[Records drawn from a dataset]
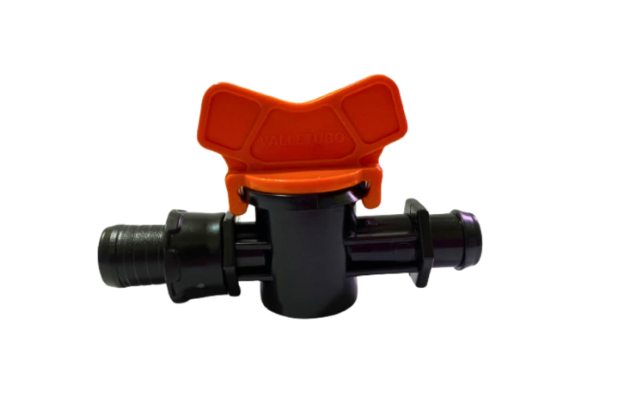 Registro Inicial 16mm com Anel Liso
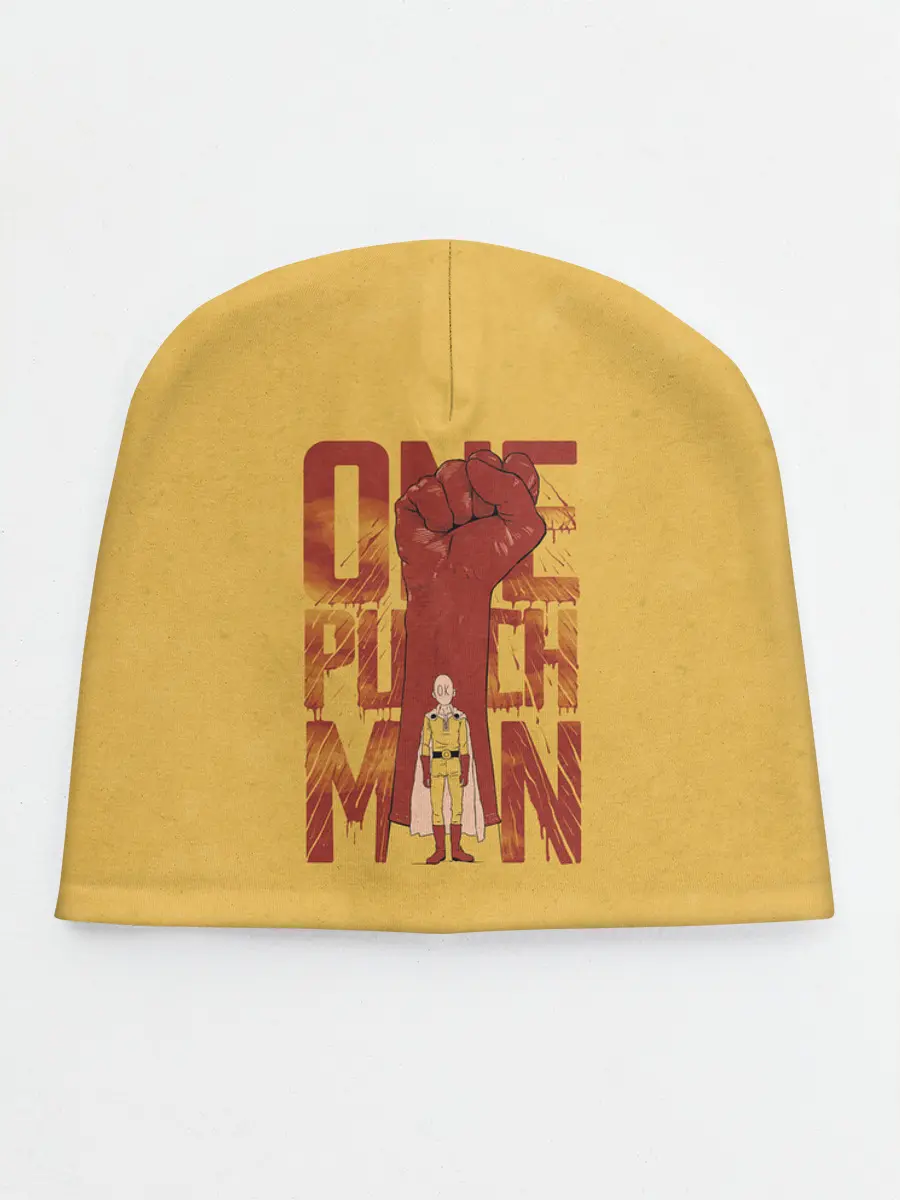 Детская шапка / ВАН ПАНЧ МЭН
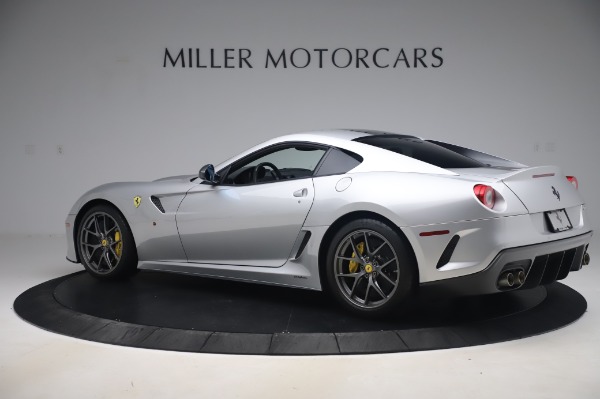 Used 2011 Ferrari 599 GTO for sale Sold at Alfa Romeo of Greenwich in Greenwich CT 06830 4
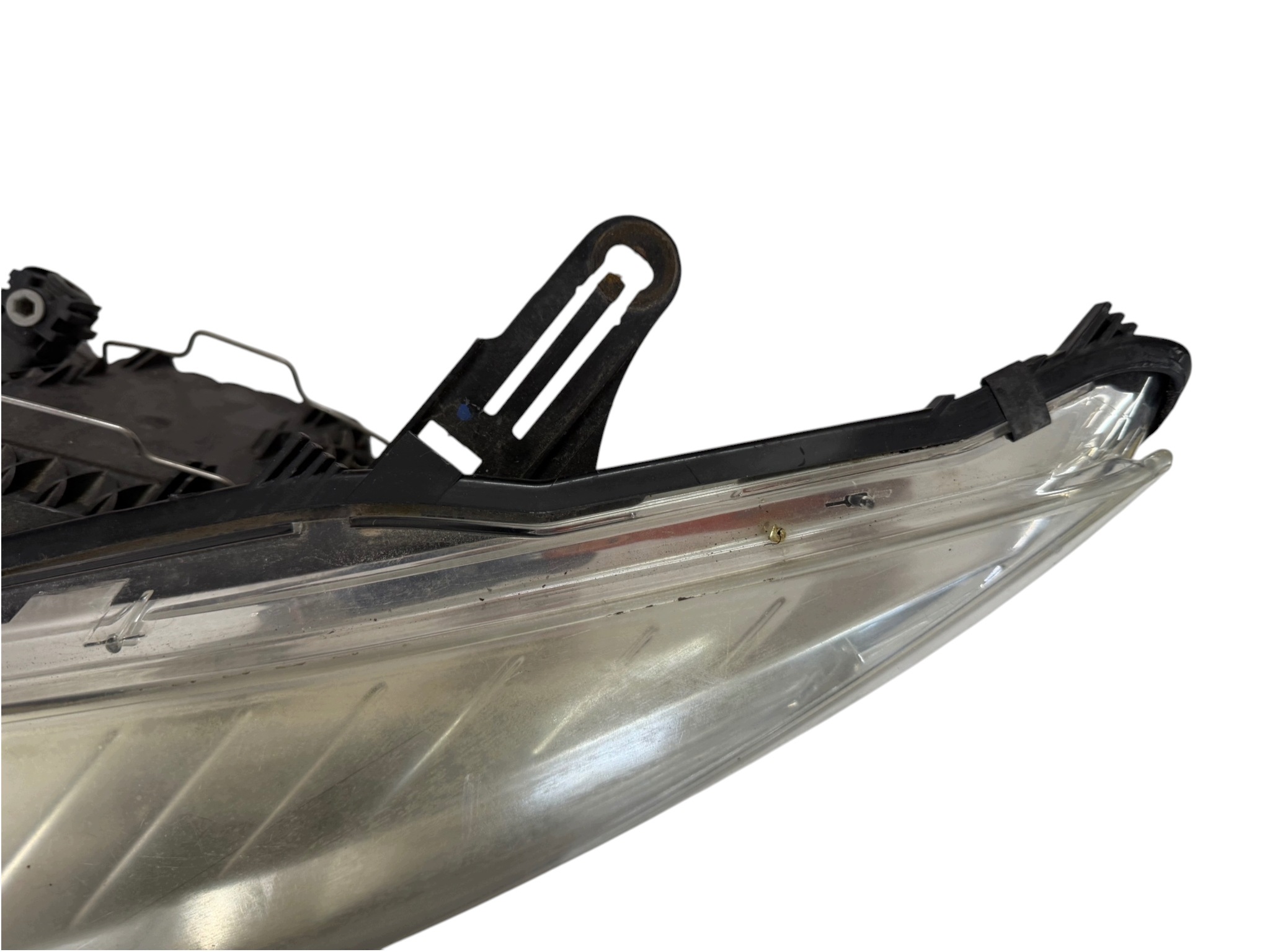 light left front RENAULT MEGANE III COUPE EUROPA 260607449R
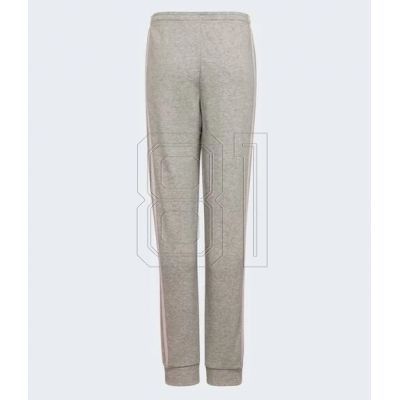 5. Adidas French terry 3 Jr HM8759 pants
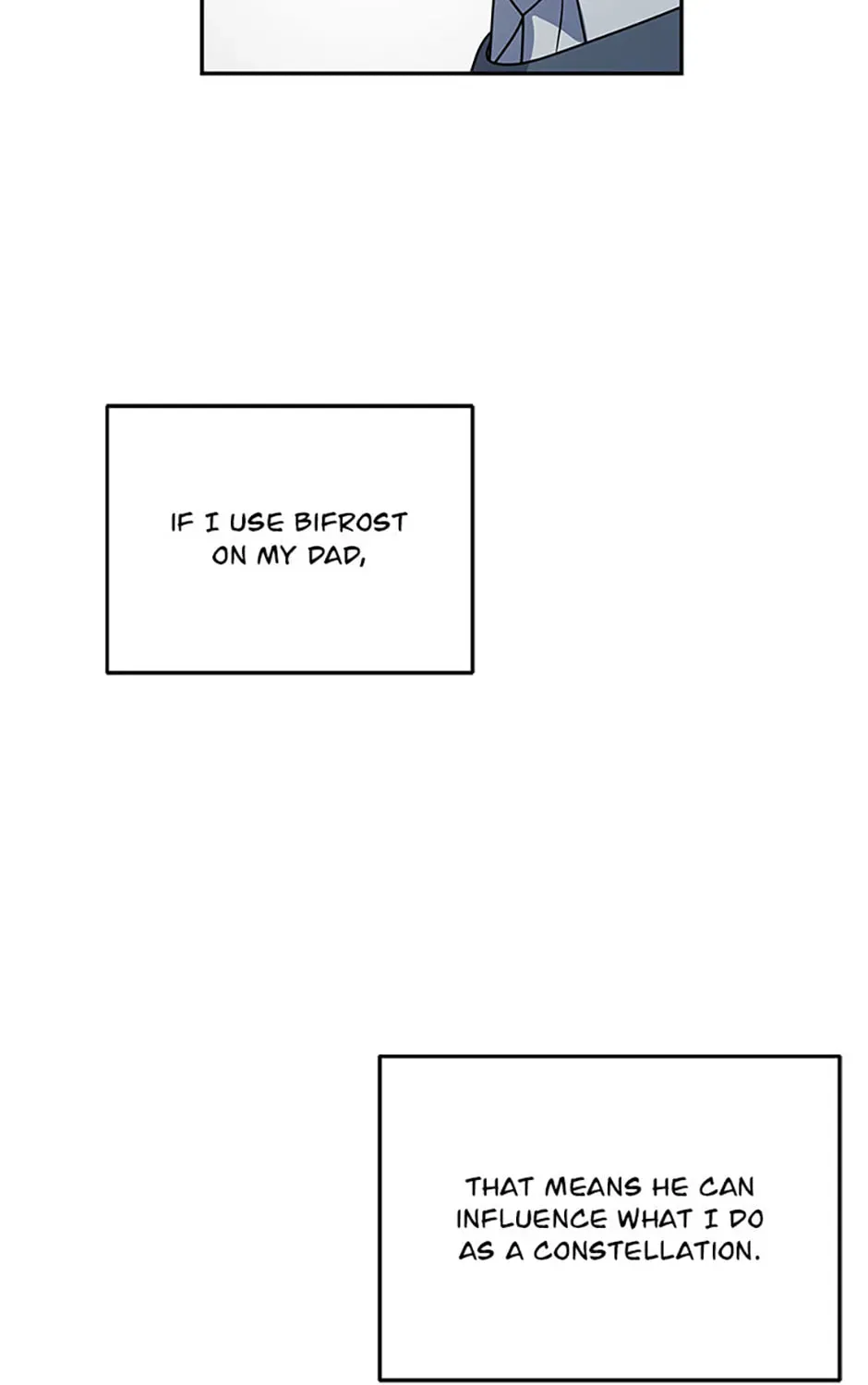 My Mom Is My Constellation Chapter 93 - Page 93
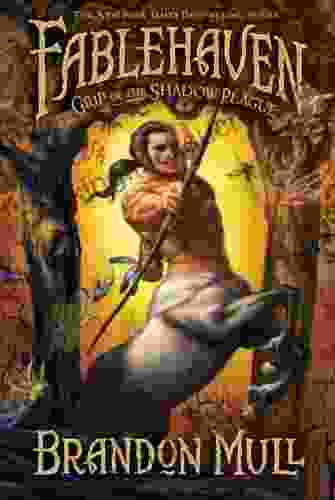 Fablehaven Vol 3: Grip Of The Shadow Plague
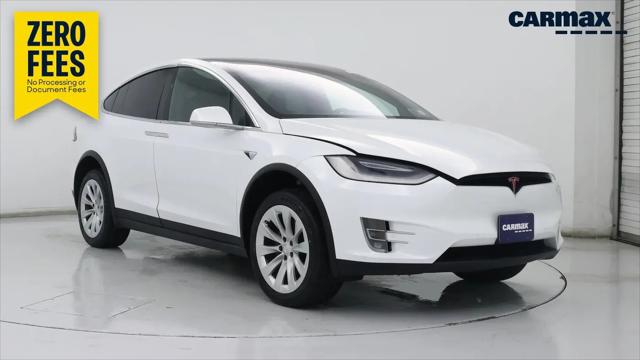 2020 Tesla Model X Long Range Plus Dual Motor All-Wheel Drive for sale in Kenner, LA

■ Task directions
Transcribe every entry above exactly as it stands, but skip the images.

■ Answer section
 Registro Inicial 16mm com Anel Liso
 Детская шапка / ВАН ПАНЧ МЭН
 Used 2011 Ferrari 599 GTO for sale Sold at Alfa Romeo of Greenwich in Greenwich CT 06830 4
 light left front RENAULT MEGANE III COUPE EUROPA 260607449R
 5. Adidas French terry 3 Jr HM8759 pants
 My Mom Is My Constellation Chapter 93 - Page 93
 Fablehaven Vol 3: Grip Of The Shadow Plague
 2020 Tesla Model X Long Range Plus Dual Motor All-Wheel Drive for sale in Kenner, LA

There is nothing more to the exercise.